**PROBLEM DETAILS**.
Taking the line that contains "Transparent PNG available" as the first and the final line of the records as the last, write out every line between them exactly, ends included, and nothing else.

Collected data entries:
--- START ---

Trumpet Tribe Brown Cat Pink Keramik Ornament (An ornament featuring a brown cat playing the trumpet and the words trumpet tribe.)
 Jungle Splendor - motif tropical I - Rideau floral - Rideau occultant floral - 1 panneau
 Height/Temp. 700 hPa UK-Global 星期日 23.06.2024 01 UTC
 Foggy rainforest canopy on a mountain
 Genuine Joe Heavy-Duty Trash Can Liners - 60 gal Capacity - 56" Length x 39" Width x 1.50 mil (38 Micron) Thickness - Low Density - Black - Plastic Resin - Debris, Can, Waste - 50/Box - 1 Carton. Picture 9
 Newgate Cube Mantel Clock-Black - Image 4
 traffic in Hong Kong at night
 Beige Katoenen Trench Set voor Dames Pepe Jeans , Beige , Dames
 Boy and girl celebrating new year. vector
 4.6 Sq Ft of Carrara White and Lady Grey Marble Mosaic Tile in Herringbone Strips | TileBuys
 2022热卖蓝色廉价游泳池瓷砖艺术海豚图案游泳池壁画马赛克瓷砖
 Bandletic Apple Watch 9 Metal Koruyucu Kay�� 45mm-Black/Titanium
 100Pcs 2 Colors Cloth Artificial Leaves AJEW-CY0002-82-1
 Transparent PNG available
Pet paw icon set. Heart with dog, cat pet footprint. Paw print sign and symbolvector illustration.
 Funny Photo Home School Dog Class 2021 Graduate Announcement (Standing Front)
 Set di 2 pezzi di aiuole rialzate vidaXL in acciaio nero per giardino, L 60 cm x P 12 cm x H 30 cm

--- END ---

**WRITTEN RESPONSE**.
 Transparent PNG available
Pet paw icon set. Heart with dog, cat pet footprint. Paw print sign and symbolvector illustration.
 Funny Photo Home School Dog Class 2021 Graduate Announcement (Standing Front)
 Set di 2 pezzi di aiuole rialzate vidaXL in acciaio nero per giardino, L 60 cm x P 12 cm x H 30 cm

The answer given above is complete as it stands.